Each leg of the trip brings new revelations as scenes out the window of folks working in fields to give way to the Delaware River, the curtain that separates the colored car is removed, and glimpses of the freedom and opportunity the family hopes to find come into view.
As they travel, Ruth Ellen reads from Narrative of the Life of Frederick Douglass, reflecting on how her journey mirrors her own — until finally, the train arrives at its last stop, New York’s Penn Station and the family heads out into a night filled with bright lights, glimmering stars, and new possibility.
James Ransome’s mixed-media illustrations are full of bold color and texture, bringing Ruth Ellen’s journey to life, from sprawling cotton fields to cramped train cars, the wary glances of other passengers, and the dark forest through which Frederick Douglass traveled towards freedom.
Overground Railroad is, as Lesa notes, a story “of people who were running from and running to at the same time,” and it’s a story that will stay with readers long after the final pages.
7. The Patchwork Path
The Patchwork Path: A Quilt Map to Freedom by Bettye Stroud
The images stitched into Hannah’s patchwork quilt lead to secret signposts on the Underground Railroad as she and her father take flight from slavery on a perilous path to freedom.
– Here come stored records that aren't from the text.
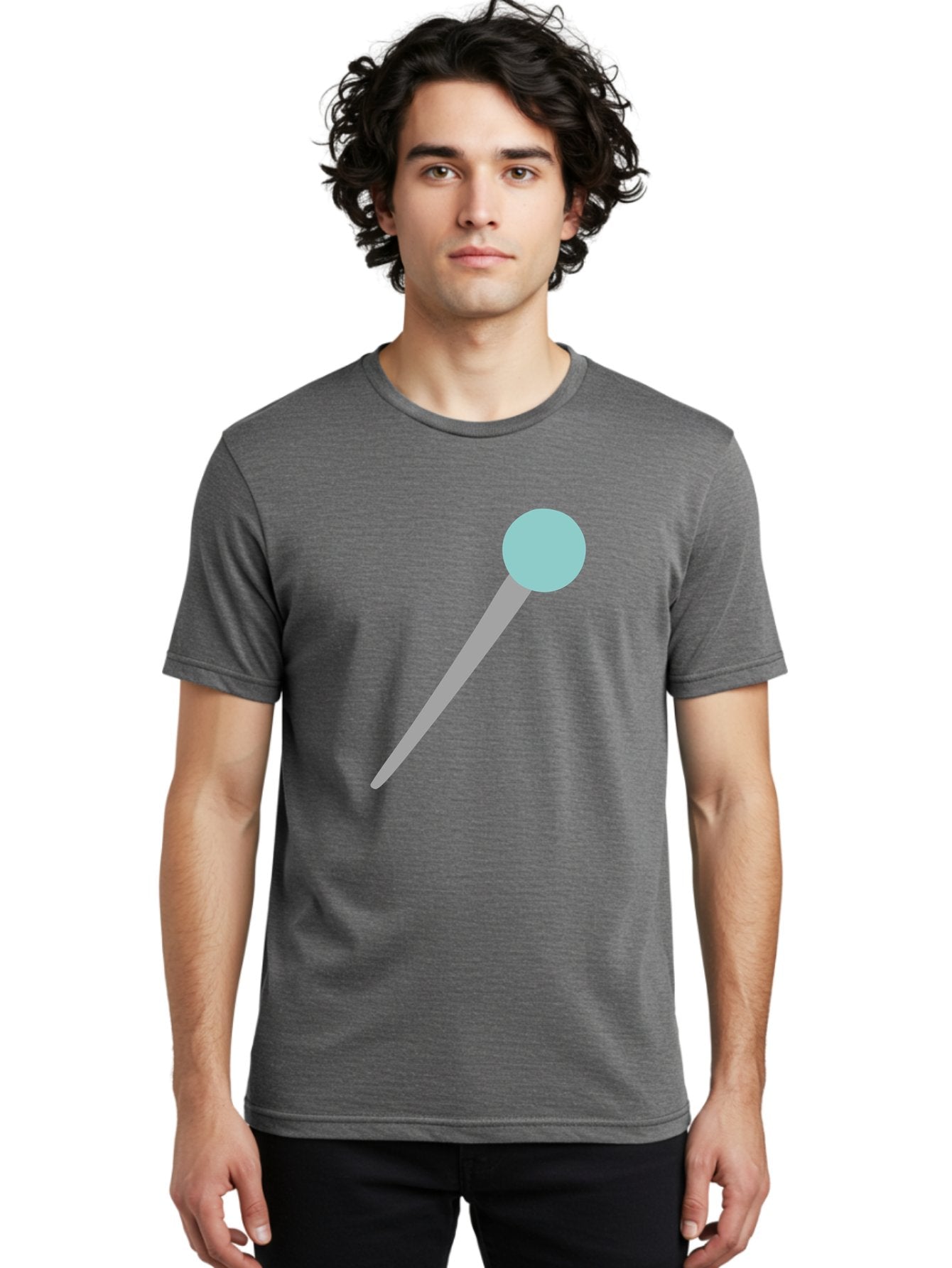 Pin-1 Men'S Graphic Tee, 100% Cotton, Comfortable Casual Summer Wear, Machine Washable, Thumbtack, Push Pin, Office Supplies, Stationery, Gray Metal, Light Blue Head, Simple Design, Minimalist Icon Aac069 22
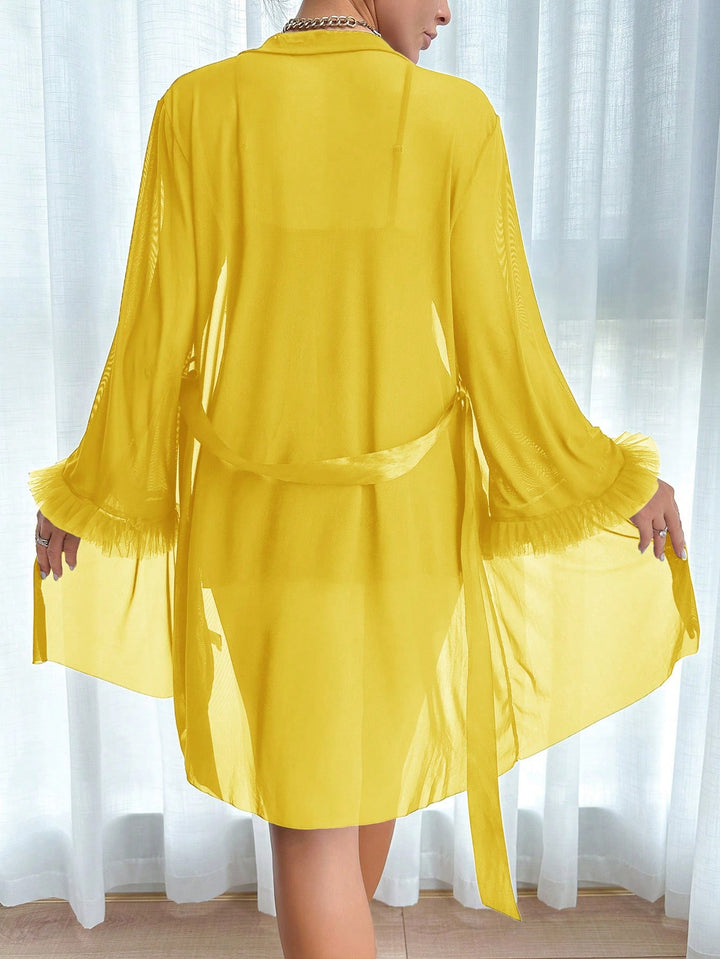 Set rochie și halat de noapte SHEIN, galben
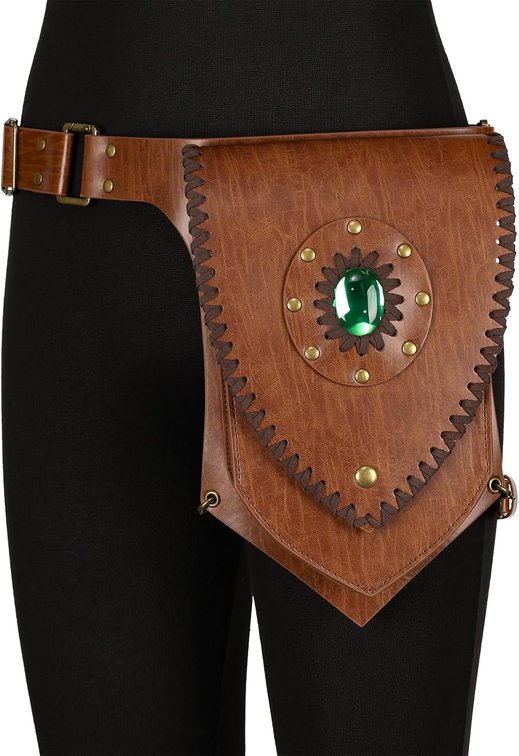 HiiFeuer Medieval Faux Leather Thigh Bag, Adjustable Drop Leg Pouch Renaissance Side Pack Belt Bag Cosplay for Ren Faire (Brown A)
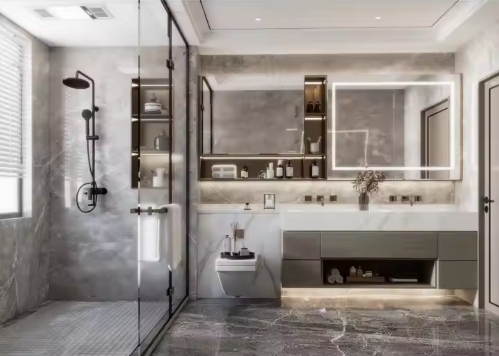 Custom Hotel Marble Floating Cabinet Toilet Vanities Modern Bathroom Luxury Wall Mount Floating Cabinet Bathroom Vanity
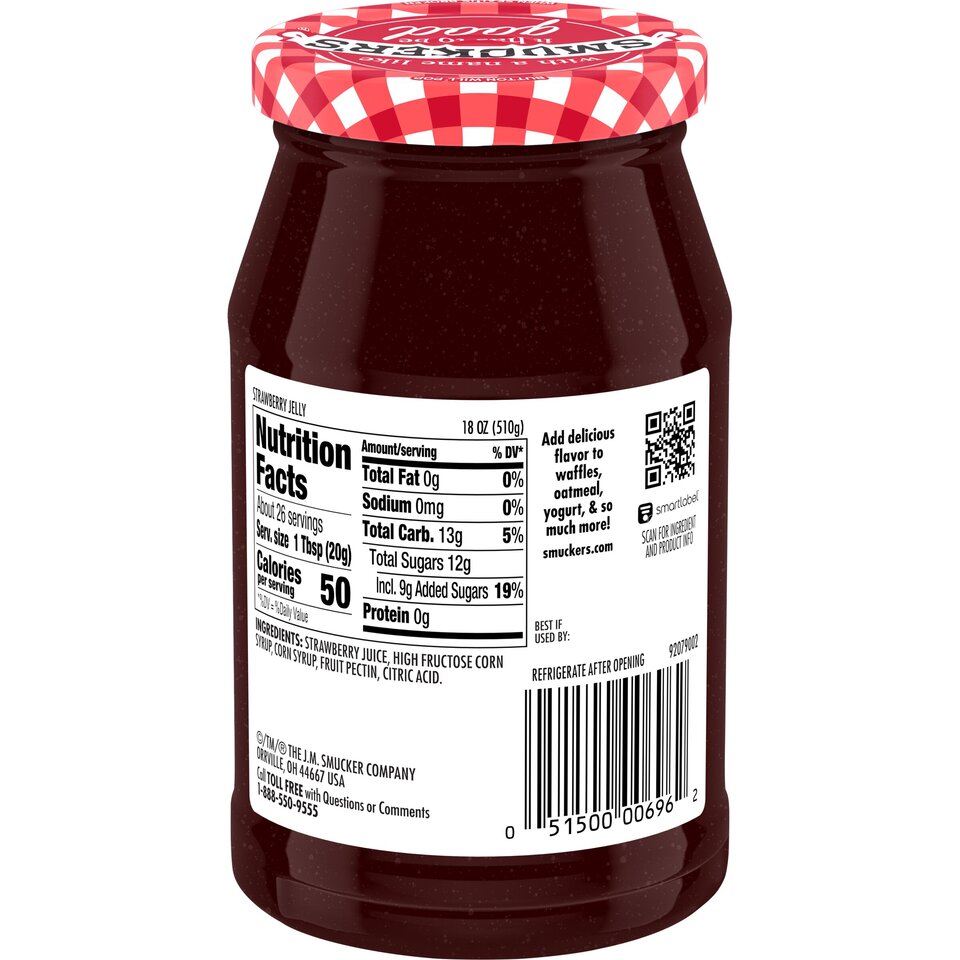 Strawberry Jelly back center with packaging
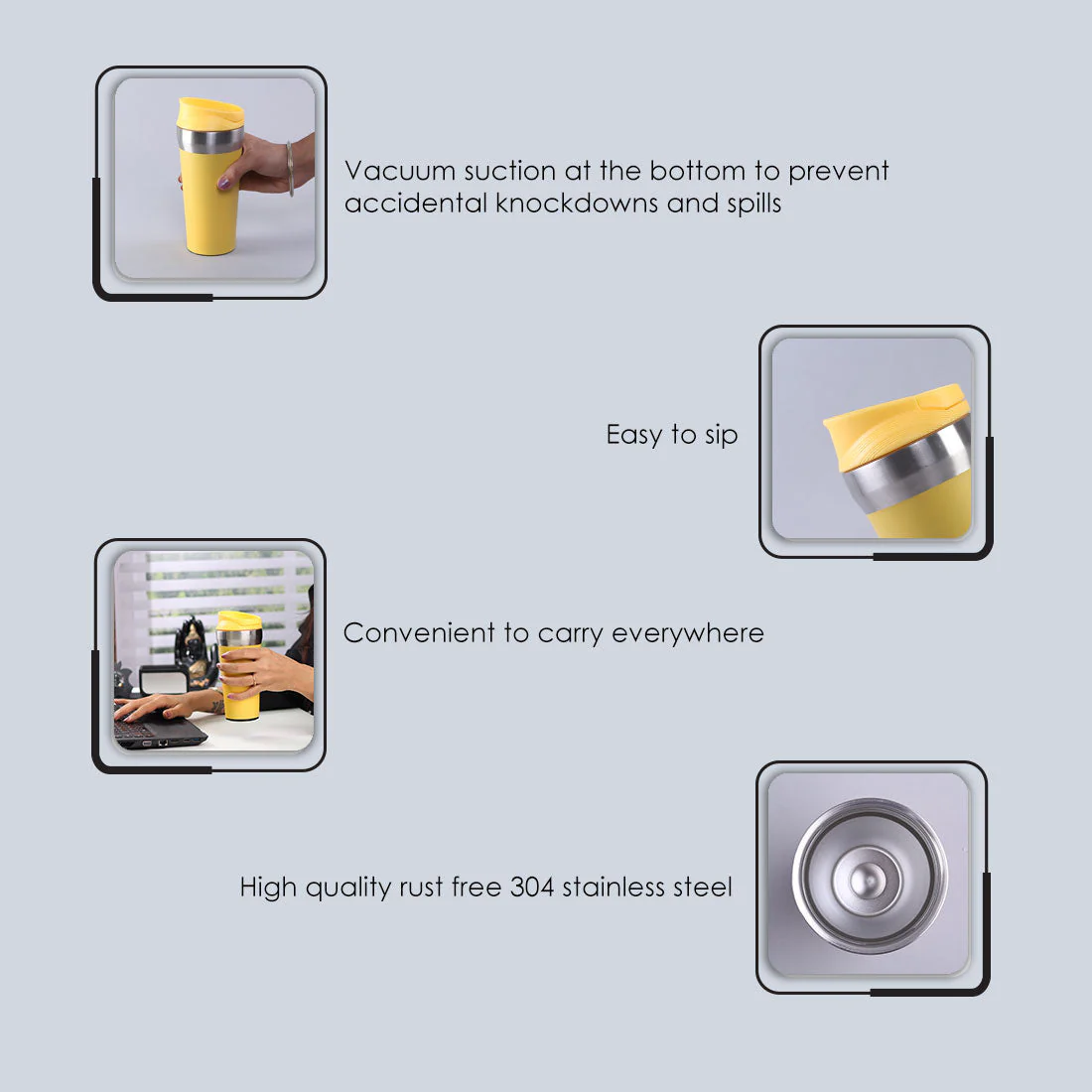 Wonderchef Safe Bot, Stainless Steel - 380ML - Yellow - Image 3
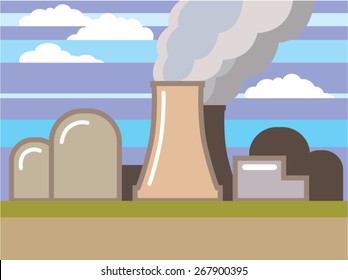 Nuclear Power Plant Vector Illustration Stock Vector (Royalty Free ...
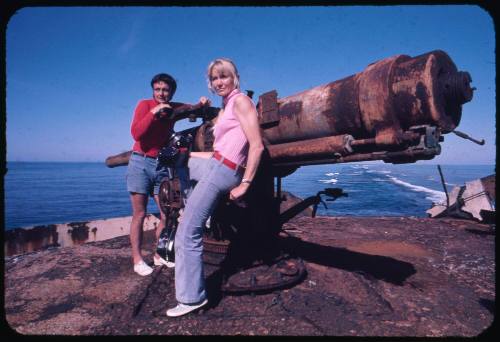 Valerie and Ron Taylor on wreck of FRANCES PRESTON BLAIR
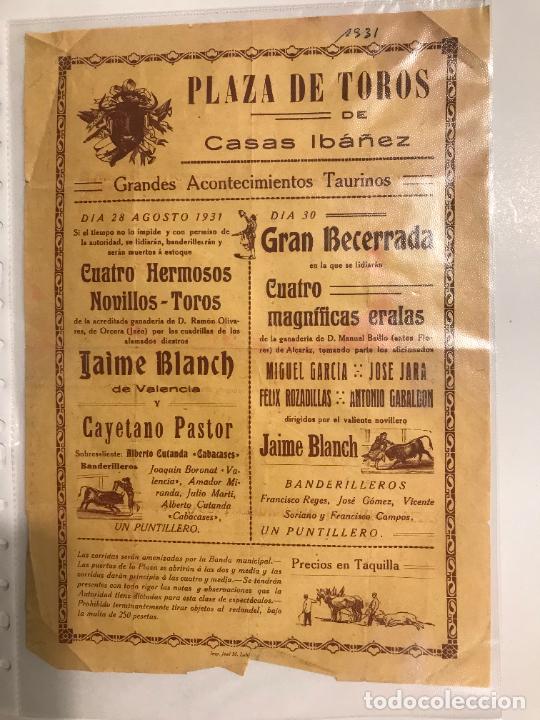 Tauromaquia: Albacete cartel de toros Casas Iba&ntilde;ez a&ntilde;o 1931 mide 29x21 cms Jaime Blanch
The wagon wheel. The bear’s paw. The flying geese. These are some of the squares in the quilt Hannah’s mama helped her to sew — before Hannah’s sister was sold to another plantation and before Mama died of a broken heart.
Now that Hannah’s papa has decided to make the run for freedom, this patchwork quilt is not just a precious memento of Mama — it’s a series of hidden clues that will guide them along the Underground Railroad to Canada, where they’ll finally be free.
A fictionalized account of fascinating oral history, THE PATCHWORK PATH tells the story of a brave father and his young daughter, two of thousands who escaped a life of slavery and made the dangerous journey to freedom — a story of courage, determination, and hope.
8. From Slave Ship to Freedom Road
From Slave Ship to Freedom Road by Julius Lester
Rod Brown and Julius Lester bring history to life in this profoundly moving exploration of the slave experience. From the Middle Passage to the auction block, from the whipping post to the fight for freedom, this book presents not just historical facts, but the raw emotions of the people who lived them.
Inspired by Rod Brown’s vivid paintings, Julius Lester has written a text that places each of us squarely inside the skin of both slave and slaveowner. It will capture the heart of every reader, black or white, young or old.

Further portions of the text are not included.